STUDY MATERIAL: Begin
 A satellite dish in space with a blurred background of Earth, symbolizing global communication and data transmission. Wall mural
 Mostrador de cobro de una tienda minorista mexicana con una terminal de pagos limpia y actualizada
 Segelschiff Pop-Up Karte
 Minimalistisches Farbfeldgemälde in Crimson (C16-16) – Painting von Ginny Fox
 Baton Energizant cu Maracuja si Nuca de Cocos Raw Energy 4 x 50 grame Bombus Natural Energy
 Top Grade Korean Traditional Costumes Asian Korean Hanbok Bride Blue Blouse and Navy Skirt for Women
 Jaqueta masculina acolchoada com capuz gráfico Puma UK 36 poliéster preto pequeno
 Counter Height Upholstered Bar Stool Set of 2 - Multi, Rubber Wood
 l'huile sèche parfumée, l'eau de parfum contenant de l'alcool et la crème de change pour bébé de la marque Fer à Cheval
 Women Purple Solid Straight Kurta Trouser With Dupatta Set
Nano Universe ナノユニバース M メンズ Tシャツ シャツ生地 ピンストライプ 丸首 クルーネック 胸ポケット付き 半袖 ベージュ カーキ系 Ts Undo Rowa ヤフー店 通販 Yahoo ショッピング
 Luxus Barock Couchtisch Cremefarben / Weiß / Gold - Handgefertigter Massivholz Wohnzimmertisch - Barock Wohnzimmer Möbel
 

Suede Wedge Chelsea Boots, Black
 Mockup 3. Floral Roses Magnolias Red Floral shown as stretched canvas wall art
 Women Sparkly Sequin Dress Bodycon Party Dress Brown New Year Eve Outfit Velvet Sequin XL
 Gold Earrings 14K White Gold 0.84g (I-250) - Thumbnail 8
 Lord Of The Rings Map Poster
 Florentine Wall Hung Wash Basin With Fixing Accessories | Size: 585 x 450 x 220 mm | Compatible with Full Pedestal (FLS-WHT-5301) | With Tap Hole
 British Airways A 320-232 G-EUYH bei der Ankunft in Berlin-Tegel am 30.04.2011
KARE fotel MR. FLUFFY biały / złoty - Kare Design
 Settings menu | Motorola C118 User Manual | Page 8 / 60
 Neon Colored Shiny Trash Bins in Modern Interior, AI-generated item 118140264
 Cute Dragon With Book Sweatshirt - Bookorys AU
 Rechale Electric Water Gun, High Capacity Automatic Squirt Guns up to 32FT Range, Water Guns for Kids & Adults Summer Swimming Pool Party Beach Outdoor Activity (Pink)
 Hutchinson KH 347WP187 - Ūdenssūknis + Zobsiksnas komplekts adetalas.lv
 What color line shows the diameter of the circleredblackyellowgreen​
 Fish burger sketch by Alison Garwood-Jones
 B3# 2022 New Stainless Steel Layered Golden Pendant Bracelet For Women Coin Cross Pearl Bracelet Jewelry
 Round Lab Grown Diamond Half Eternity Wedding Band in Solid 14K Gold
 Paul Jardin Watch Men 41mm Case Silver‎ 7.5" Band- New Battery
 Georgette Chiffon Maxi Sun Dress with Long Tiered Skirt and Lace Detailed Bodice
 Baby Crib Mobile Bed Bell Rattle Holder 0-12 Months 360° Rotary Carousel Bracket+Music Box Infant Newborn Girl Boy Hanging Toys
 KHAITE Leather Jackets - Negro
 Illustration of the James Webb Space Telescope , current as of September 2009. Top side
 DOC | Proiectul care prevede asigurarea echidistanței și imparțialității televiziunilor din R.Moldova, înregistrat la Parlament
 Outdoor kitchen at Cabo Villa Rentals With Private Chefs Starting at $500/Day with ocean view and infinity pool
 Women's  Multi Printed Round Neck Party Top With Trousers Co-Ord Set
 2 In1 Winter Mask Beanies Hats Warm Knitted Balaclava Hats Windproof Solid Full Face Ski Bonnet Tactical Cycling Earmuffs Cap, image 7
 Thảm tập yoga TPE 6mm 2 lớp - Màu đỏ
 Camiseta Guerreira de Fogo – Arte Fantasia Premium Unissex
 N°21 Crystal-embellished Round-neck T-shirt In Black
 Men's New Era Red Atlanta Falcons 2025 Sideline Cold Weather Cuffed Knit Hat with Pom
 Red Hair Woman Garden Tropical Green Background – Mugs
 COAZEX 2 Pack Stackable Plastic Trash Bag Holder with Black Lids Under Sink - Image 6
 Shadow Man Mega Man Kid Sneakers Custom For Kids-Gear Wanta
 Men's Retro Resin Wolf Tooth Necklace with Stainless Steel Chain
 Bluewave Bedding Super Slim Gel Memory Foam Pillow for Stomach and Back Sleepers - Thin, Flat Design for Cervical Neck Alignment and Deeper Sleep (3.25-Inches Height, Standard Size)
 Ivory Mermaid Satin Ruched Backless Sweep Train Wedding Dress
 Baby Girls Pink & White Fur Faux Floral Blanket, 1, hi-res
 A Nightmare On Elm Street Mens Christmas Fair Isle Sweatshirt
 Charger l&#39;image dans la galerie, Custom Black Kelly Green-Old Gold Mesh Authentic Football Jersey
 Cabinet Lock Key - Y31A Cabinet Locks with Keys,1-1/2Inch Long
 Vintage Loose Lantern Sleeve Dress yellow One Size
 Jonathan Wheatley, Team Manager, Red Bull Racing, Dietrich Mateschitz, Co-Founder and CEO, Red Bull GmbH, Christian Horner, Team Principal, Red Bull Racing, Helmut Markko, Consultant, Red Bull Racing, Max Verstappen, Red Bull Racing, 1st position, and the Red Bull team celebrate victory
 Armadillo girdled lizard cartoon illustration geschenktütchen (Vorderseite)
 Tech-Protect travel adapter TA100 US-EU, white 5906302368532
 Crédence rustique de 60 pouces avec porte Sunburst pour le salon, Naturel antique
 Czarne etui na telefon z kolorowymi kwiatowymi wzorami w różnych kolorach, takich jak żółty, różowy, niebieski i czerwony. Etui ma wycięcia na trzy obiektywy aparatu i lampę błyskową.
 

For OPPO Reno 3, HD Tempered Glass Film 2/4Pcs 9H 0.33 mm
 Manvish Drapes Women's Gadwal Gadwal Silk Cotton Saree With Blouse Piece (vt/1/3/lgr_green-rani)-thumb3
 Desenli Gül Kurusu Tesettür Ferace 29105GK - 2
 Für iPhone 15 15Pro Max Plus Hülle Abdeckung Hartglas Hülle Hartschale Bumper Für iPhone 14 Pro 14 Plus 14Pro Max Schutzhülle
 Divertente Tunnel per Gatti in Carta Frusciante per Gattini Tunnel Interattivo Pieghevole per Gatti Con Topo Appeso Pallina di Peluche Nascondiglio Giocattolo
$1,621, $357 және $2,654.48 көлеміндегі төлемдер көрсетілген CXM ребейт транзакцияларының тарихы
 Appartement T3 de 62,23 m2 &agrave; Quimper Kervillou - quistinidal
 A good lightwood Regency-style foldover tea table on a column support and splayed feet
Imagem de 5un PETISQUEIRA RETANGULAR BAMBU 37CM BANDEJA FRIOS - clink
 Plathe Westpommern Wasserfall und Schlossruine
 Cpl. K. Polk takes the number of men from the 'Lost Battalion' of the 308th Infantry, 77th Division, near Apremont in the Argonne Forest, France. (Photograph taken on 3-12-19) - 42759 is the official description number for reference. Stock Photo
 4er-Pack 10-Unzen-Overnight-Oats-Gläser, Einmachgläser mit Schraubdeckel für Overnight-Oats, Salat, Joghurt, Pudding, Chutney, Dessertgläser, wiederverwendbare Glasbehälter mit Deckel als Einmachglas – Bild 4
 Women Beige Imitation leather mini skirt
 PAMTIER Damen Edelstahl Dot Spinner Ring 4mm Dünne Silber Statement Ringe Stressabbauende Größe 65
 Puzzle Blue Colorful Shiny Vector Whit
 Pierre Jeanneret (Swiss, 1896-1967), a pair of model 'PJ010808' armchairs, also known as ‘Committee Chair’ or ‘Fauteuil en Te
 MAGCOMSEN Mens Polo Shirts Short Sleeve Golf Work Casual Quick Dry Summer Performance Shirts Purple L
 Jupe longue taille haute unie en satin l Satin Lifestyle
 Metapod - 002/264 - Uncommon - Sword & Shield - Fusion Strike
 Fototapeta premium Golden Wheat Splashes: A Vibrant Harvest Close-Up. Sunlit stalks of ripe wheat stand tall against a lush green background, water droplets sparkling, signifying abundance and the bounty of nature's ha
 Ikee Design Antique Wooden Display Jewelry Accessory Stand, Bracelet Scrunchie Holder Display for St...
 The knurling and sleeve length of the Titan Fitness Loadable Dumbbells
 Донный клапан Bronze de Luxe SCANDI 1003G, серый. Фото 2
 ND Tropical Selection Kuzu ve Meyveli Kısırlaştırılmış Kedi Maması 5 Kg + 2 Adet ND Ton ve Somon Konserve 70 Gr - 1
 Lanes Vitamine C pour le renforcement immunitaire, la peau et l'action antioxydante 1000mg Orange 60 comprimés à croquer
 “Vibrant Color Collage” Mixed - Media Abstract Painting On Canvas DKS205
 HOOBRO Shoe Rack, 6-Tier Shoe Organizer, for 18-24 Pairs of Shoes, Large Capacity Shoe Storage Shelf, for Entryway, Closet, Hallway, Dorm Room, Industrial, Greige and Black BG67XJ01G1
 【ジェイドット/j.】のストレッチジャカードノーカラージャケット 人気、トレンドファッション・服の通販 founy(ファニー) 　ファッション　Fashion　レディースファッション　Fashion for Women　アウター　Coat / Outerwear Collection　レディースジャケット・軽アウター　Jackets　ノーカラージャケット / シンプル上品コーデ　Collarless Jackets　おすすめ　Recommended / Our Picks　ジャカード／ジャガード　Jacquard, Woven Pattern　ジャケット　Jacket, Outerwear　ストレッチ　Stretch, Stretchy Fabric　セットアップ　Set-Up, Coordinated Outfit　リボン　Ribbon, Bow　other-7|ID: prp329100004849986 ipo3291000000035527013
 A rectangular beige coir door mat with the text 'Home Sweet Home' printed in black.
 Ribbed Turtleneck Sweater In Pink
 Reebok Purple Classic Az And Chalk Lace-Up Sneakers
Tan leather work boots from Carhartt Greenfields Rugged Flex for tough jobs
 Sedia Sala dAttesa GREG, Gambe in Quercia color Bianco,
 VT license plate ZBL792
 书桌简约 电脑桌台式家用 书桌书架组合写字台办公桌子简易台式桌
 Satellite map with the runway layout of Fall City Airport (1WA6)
STUDY MATERIAL: End
**EXERCISE**
What this exercise asks for is every line of the data above with the word "Wedding".

**OUTPUT OF THE EXERCISE**
 Round Lab Grown Diamond Half Eternity Wedding Band in Solid 14K Gold
 Ivory Mermaid Satin Ruched Backless Sweep Train Wedding Dress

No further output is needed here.